- **TASK OBJECTIVE**: First find the line with "Grundig GS350 Deluxe" in the entries below, then set down exactly every line through the line with "ISNTREE Mugwort Calming", that line included.
*** ENTRIES SUPPLIED
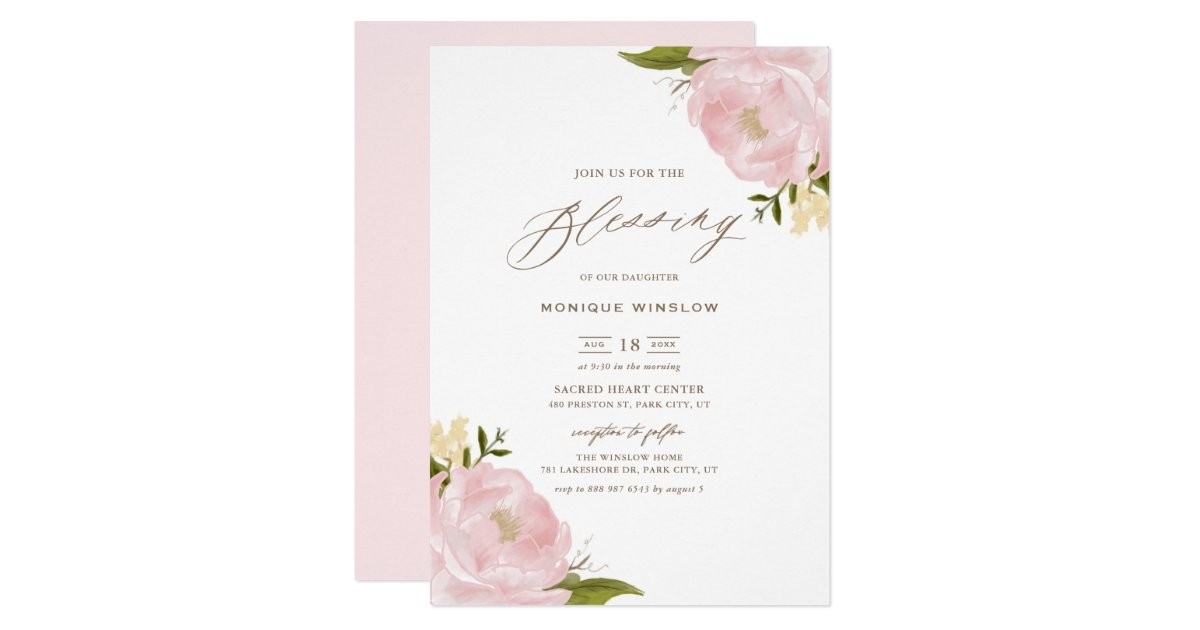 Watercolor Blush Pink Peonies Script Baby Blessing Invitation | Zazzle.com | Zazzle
******
*** ENTRIES SUPPLIED
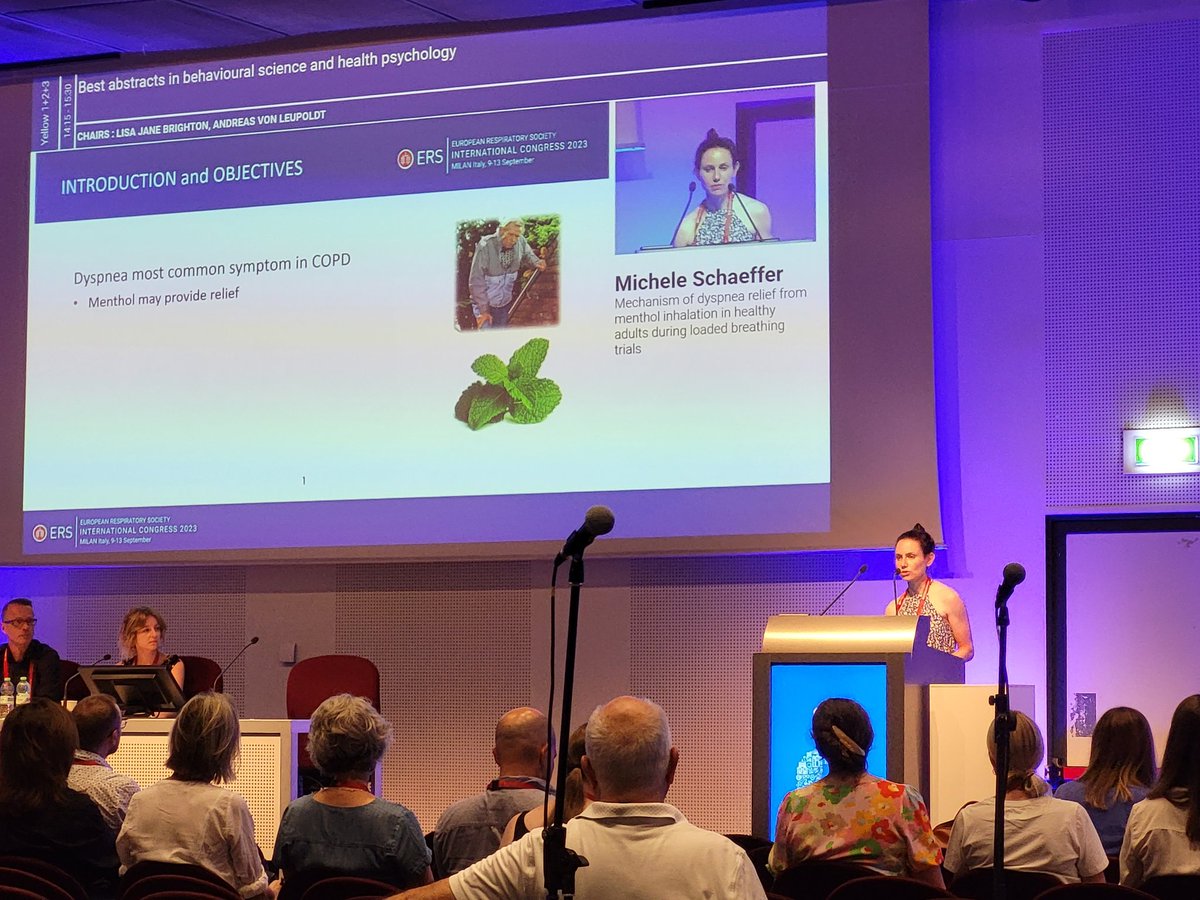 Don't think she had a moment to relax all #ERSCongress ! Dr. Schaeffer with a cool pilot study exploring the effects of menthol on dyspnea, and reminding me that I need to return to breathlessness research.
******
*** ENTRIES SUPPLIED
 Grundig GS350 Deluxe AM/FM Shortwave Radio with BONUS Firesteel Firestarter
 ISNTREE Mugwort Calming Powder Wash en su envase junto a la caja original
******
- **THE ANSWER**:
 Grundig GS350 Deluxe AM/FM Shortwave Radio with BONUS Firesteel Firestarter
 ISNTREE Mugwort Calming Powder Wash en su envase junto a la caja original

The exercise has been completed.